> _GIVEN DATA_
--- --- ---

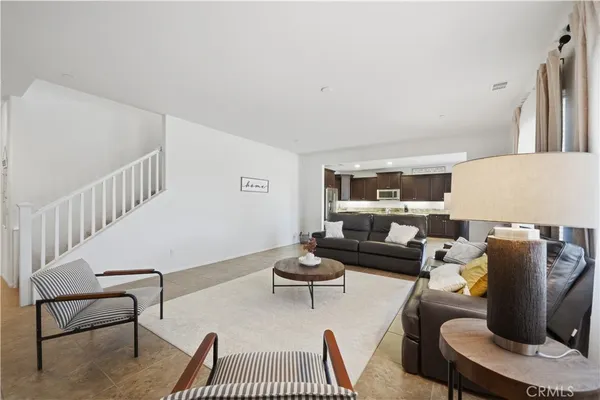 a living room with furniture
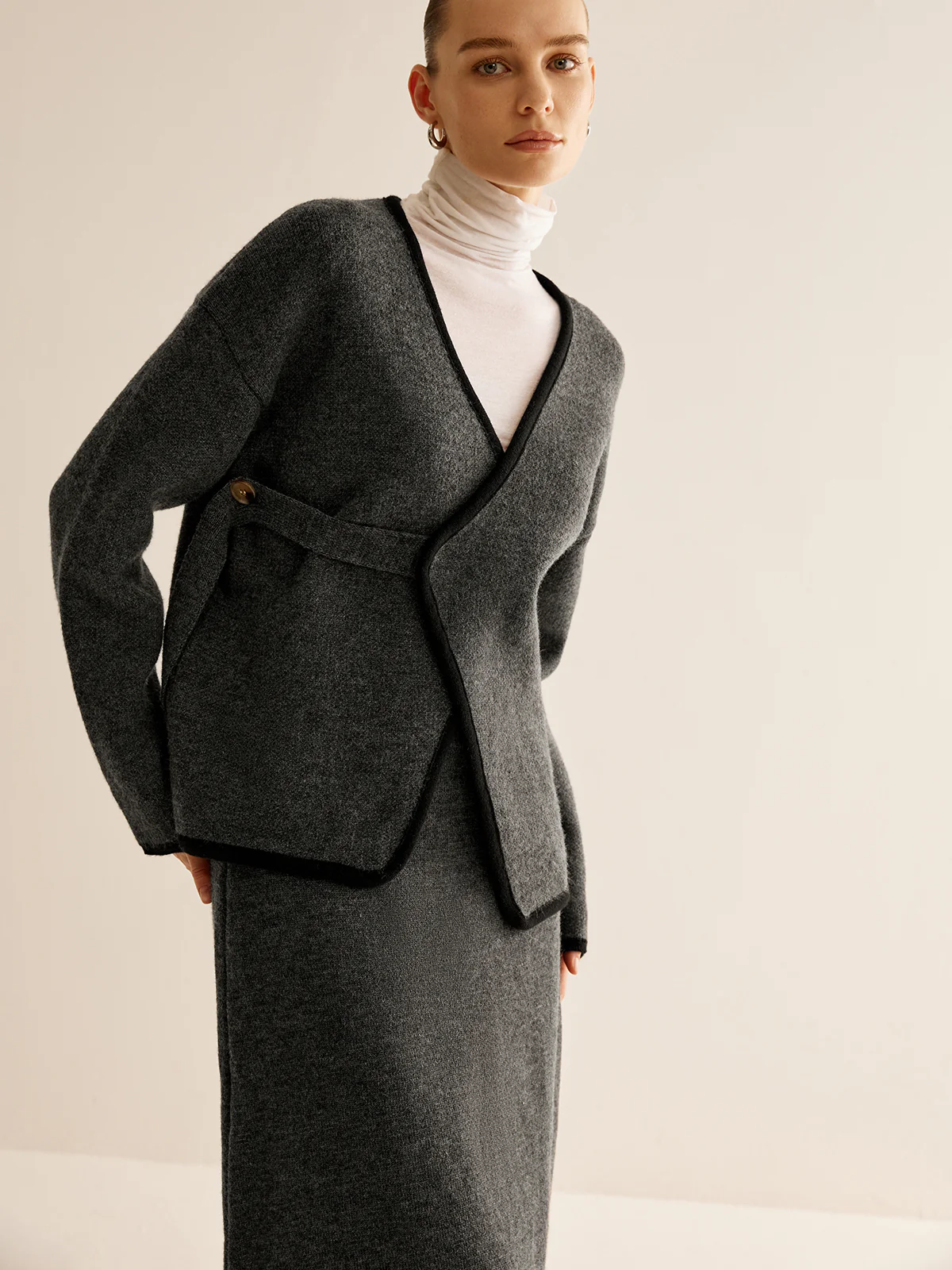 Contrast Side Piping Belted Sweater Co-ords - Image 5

--- --- ---

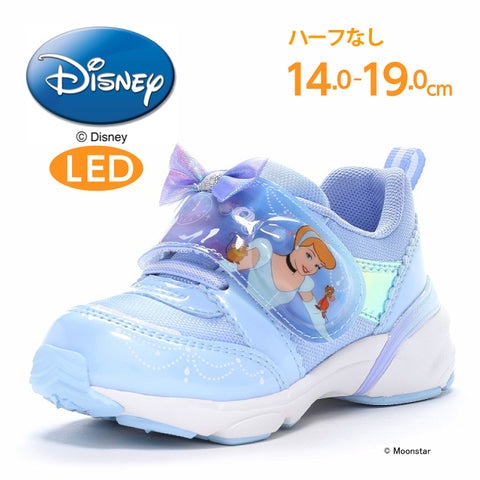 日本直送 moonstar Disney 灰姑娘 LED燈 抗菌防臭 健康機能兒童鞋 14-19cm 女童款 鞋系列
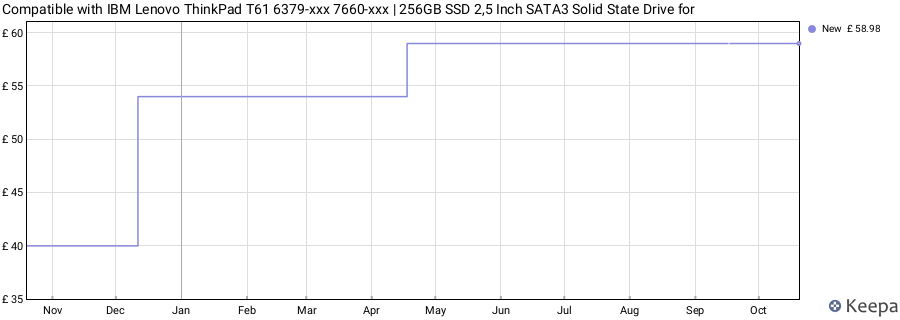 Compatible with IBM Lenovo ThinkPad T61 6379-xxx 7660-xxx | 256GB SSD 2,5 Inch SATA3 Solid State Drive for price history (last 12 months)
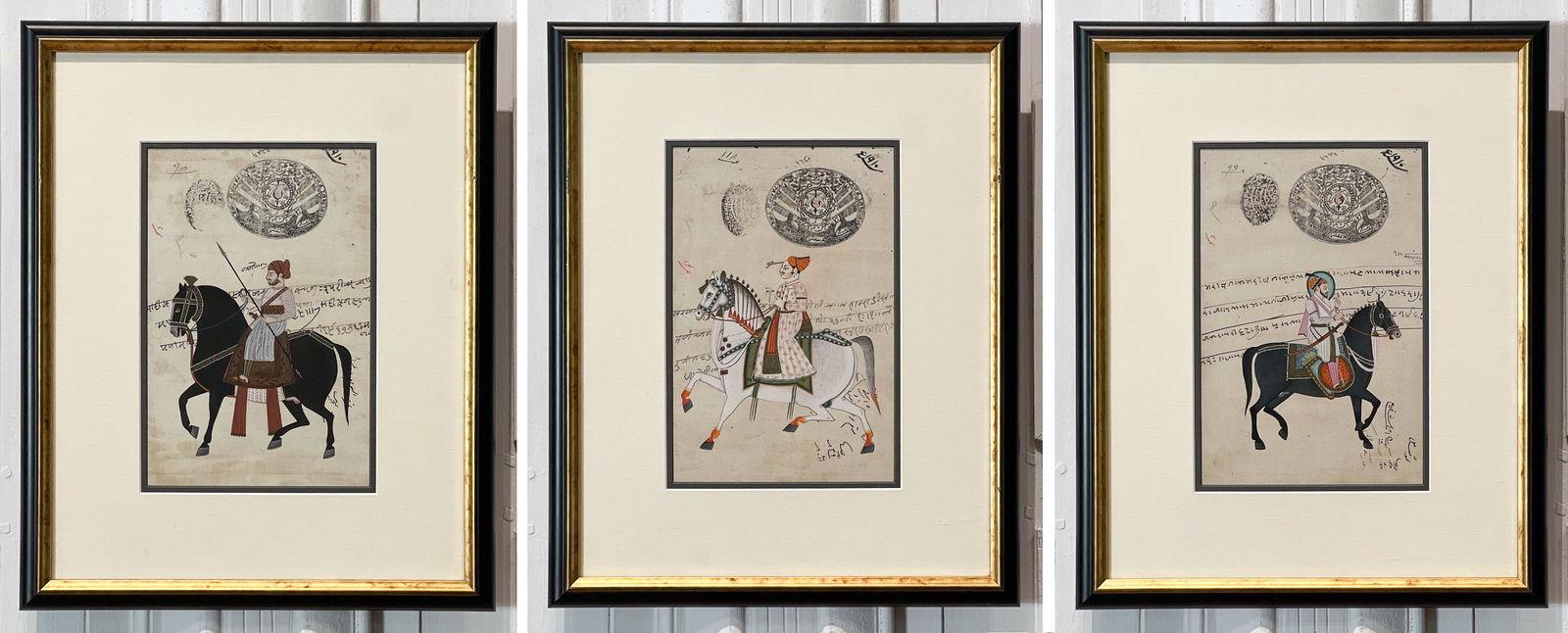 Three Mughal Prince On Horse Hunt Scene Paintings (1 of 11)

--- --- ---

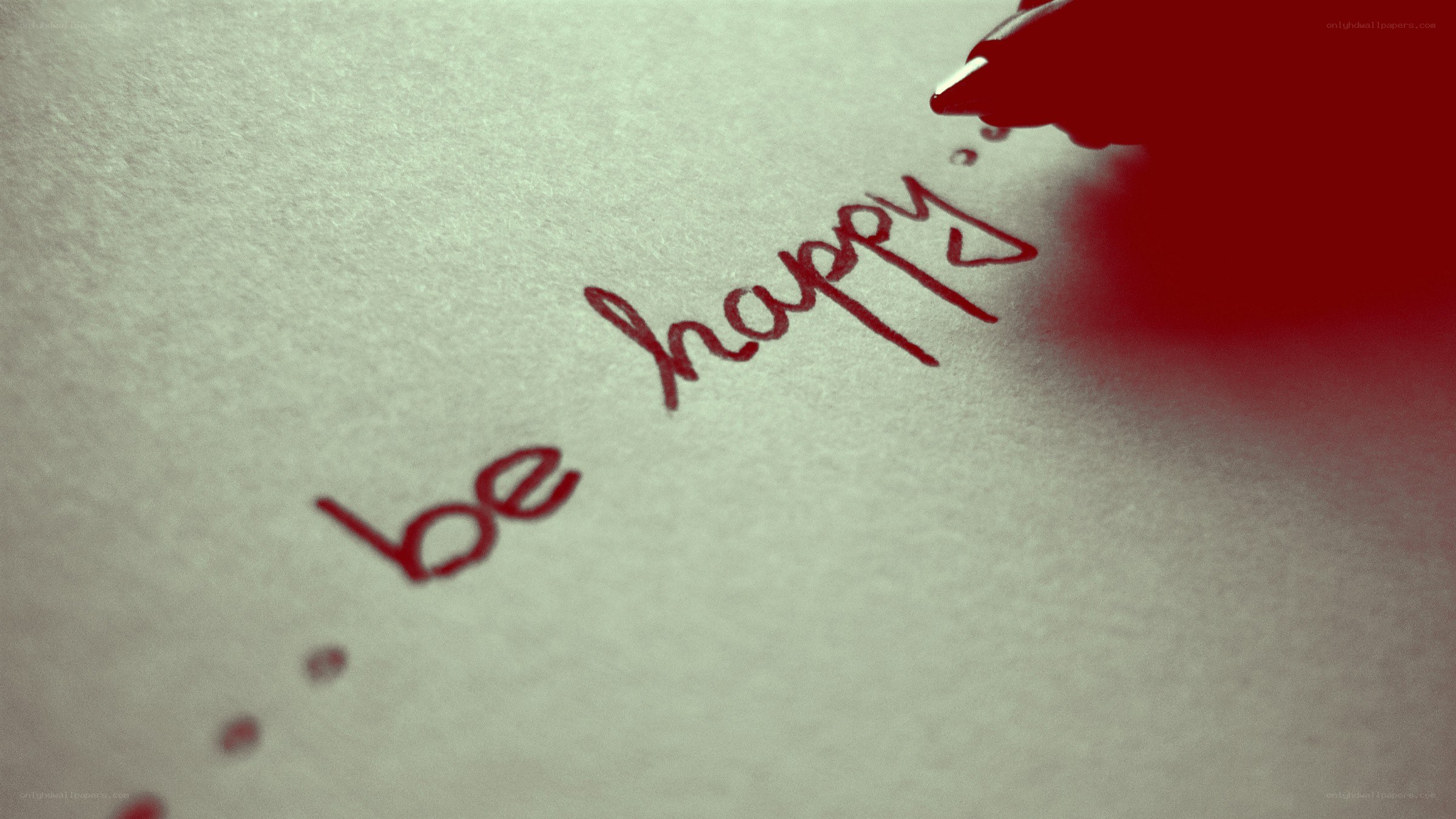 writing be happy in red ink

--- --- ---

> _EXERCISE PROMPT_
Reproduce the lines above beginning at the line that contains "Compatible with IBM" and ending at the line that contains "Three Mughal Prince". No pictures.

> _SOLUTION BELOW_
 Compatible with IBM Lenovo ThinkPad T61 6379-xxx 7660-xxx | 256GB SSD 2,5 Inch SATA3 Solid State Drive for price history (last 12 months)
 Three Mughal Prince On Horse Hunt Scene Paintings (1 of 11)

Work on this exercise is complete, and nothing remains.